Fernando Bárcenas
El Che muere el 9 de octubre de 1967 en la escuelita de La Higuera, ejecutado a sangre fría por órdenes del presidente de Bolivia, René Barrientos. En esta fecha se conmemoran 46 años de su muerte.
Los ojos abiertos del Che, recién capturado por los rangers bolivianos en la quebrada del Yuro, sentado en un banco de la escuelita de Higuera con las manos amarradas, esconden en la mirada la certeza del fin, a pesar de que solo ha sido herido en una pierna. El rostro sereno es el de un prisionero que lamenta no haber muerto en combate.
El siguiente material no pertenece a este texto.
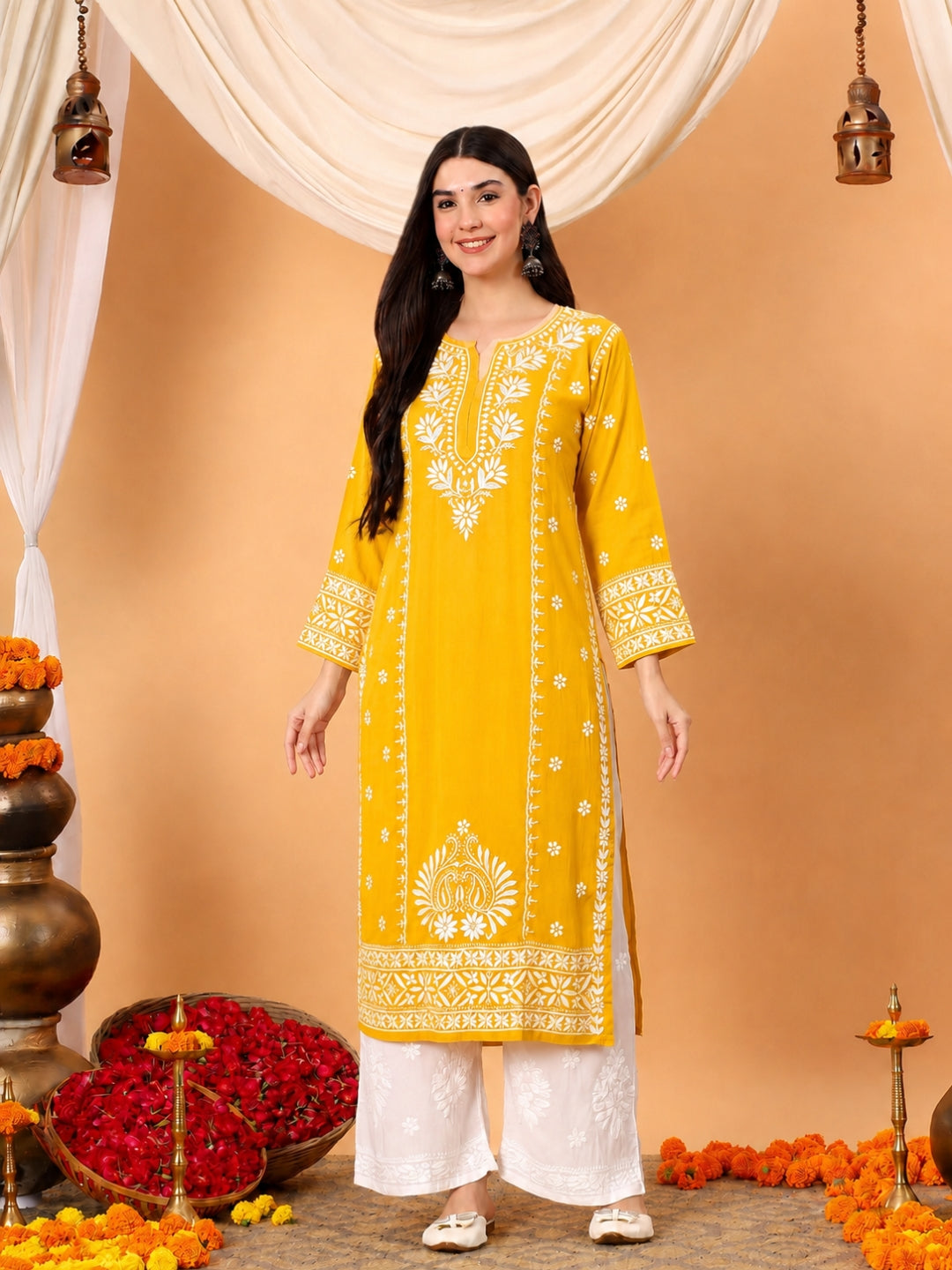 Gauri Modal Chikankari Premium Straight Kurta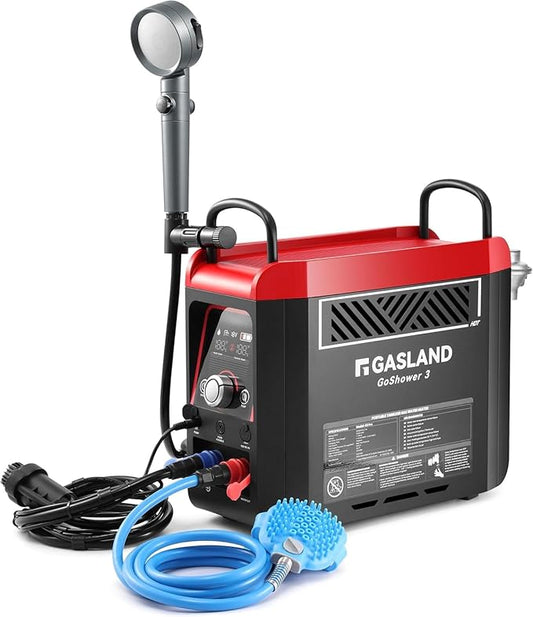 GASLAND Portable Hot Water Heater & Shower Pump | 4000 mAh Lithium-ion Battery | 1.5 Hr Fast Charging | 1 lb Propane Shower Heater for Camping, Cabin, RV, Off Grid Living, G3 Max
Como todo luchador atrapado, su espíritu guerrero se vuelve, en esas circunstancias, que la desesperanza avanza a pasos firmes, hacia un combate interior, solitario. En un instante supremo sopesa en la balanza de precisión de la propia alma, los sueños abortados y el sentido personal que ha tenido la vida, para asimilar con dignidad la irreversible consecuencia de la derrota final.
Cuando al día siguiente, a la 1:30 p.m., el agente de la CIA le anuncia que será fusilado de inmediato por órdenes de Barrientos, el Che, con cierta calma, exclama: “Mejor así. Debí morir en combate”.
Es inútil observar, ahora, la falta de racionalidad del proyecto boliviano que le costará la vida. Ñancahuazú es una zona poco poblada de Bolivia. En lengua guaraní significa “quebrada honda”. Las aguas del río tienen un alto contenido de carbonato de magnesio, de sabor amargo. La tropa del Che al ingerir el agua dura de las quebradas padecerá de constante diarrea, mientras se abre camino en jornadas agotadoras a golpe de machete. Los campesinos de la zona permanecen aislados, apenas comercian. Cultivan papas, frijoles, maíz, caña, arroz. Sobreviven en extrema pobreza. Carecen de infraestructura vial, sanitaria, eléctrica y de salud. El Che aprovecha el esporádico contacto con ellos, extremadamente abandonados, para extraer muelas. Padecen de desnutrición crónica, y en su miseria, apoyan a Barrientos, sin ver más allá de su rol insignificante en la sociedad.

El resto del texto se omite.